--- What to do ---
Would you transcribe the listing that follows word for word, skipping pictures?

-- Source material follows --

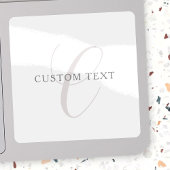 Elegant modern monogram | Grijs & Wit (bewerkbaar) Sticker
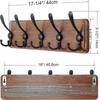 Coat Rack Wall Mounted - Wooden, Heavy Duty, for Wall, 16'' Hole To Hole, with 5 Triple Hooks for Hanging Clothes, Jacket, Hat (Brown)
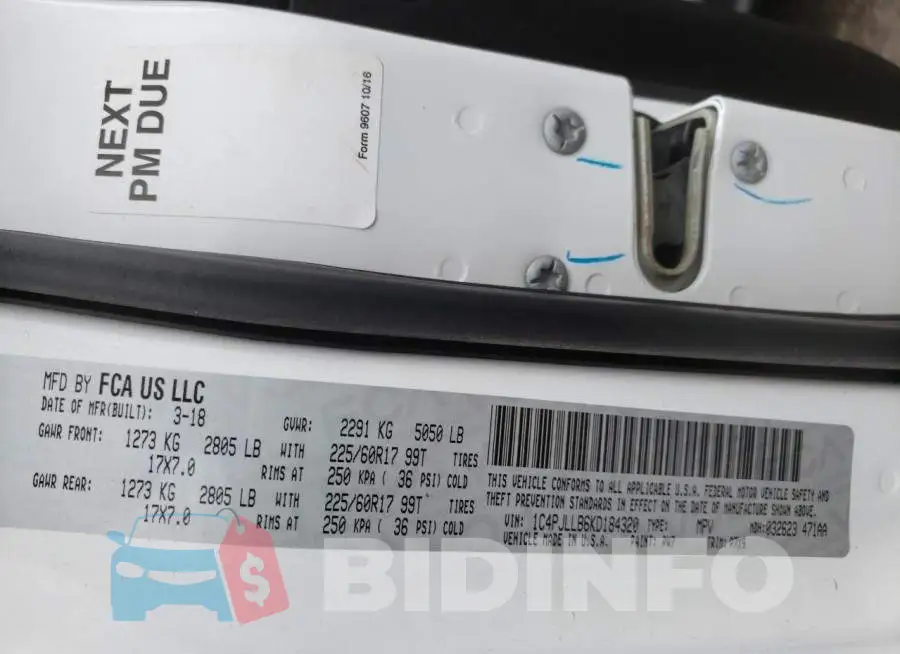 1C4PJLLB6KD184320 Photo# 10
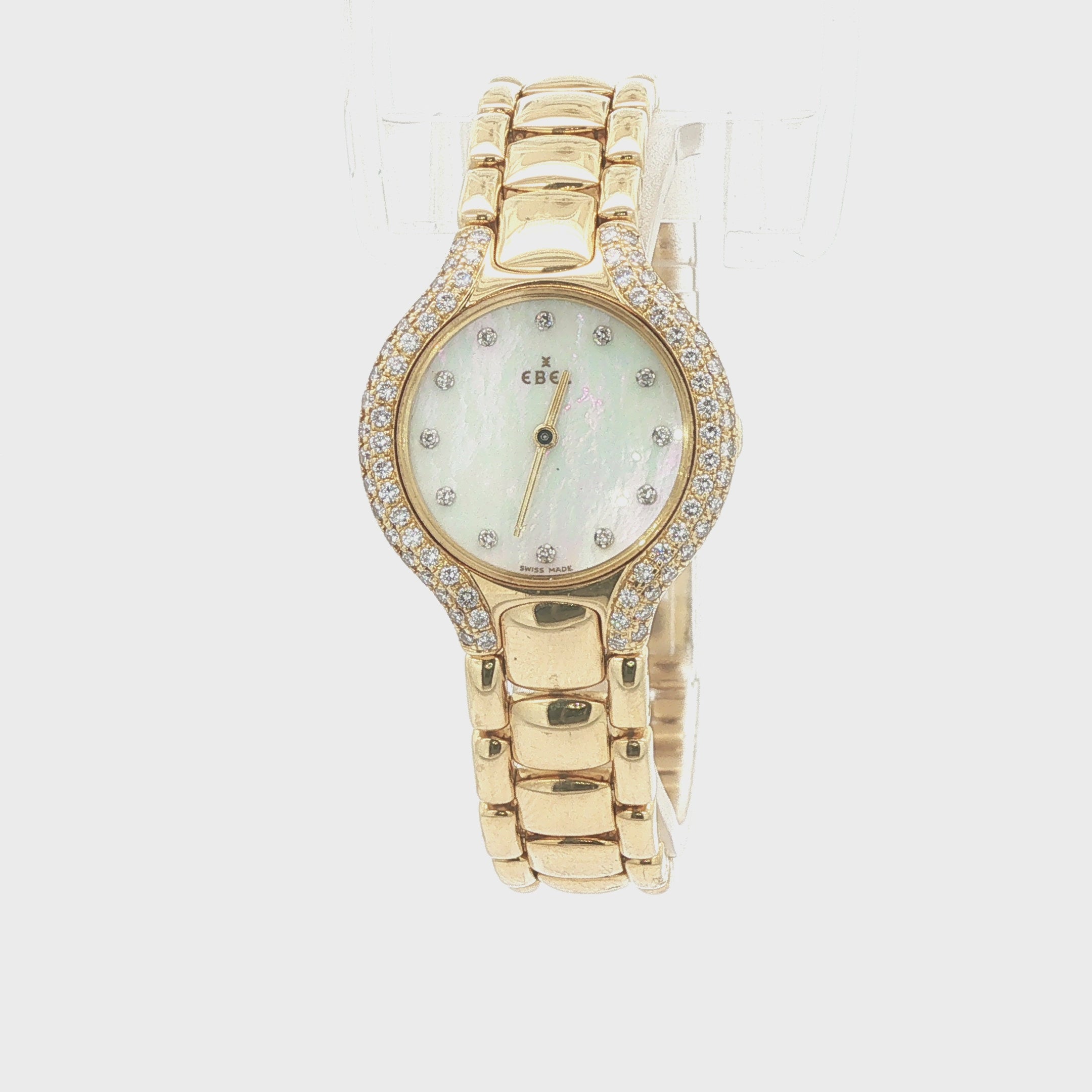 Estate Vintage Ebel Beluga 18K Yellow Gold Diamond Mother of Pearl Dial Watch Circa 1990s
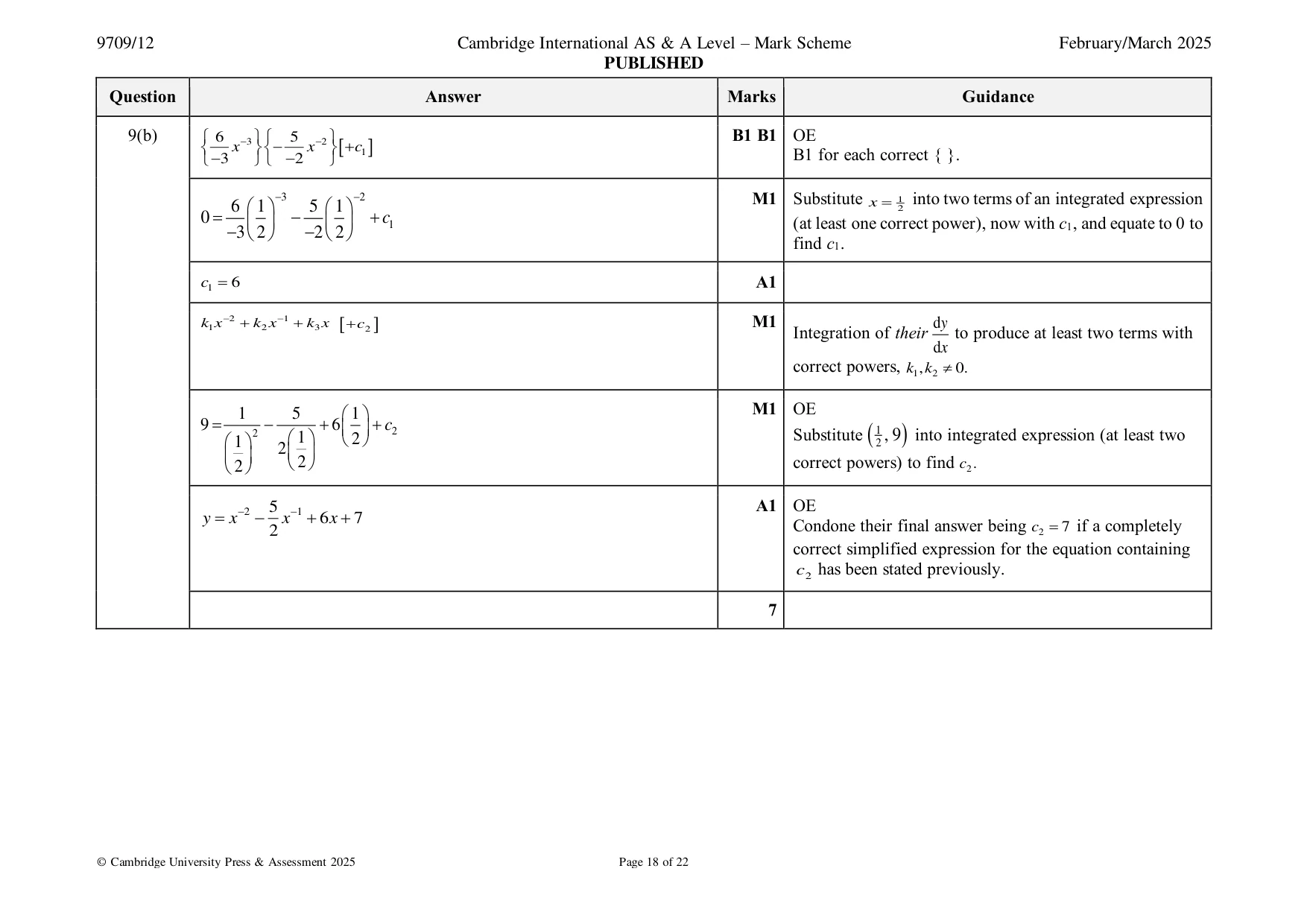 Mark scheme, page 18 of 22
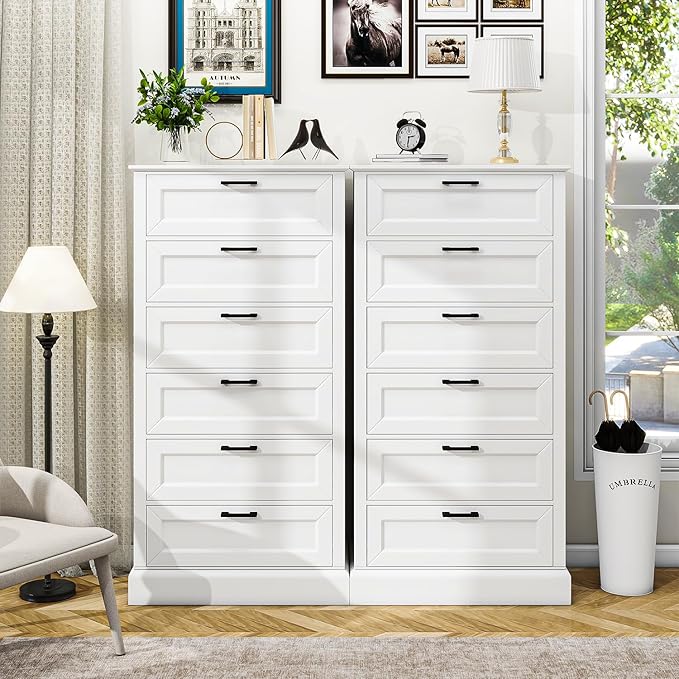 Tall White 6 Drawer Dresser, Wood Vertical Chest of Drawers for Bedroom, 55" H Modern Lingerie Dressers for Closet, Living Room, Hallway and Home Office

-- Source material concluded --

--- Result ---
 Elegant modern monogram | Grijs & Wit (bewerkbaar) Sticker
 Coat Rack Wall Mounted - Wooden, Heavy Duty, for Wall, 16'' Hole To Hole, with 5 Triple Hooks for Hanging Clothes, Jacket, Hat (Brown)
 1C4PJLLB6KD184320 Photo# 10
 Estate Vintage Ebel Beluga 18K Yellow Gold Diamond Mother of Pearl Dial Watch Circa 1990s
 Mark scheme, page 18 of 22
 Tall White 6 Drawer Dresser, Wood Vertical Chest of Drawers for Bedroom, 55" H Modern Lingerie Dressers for Closet, Living Room, Hallway and Home Office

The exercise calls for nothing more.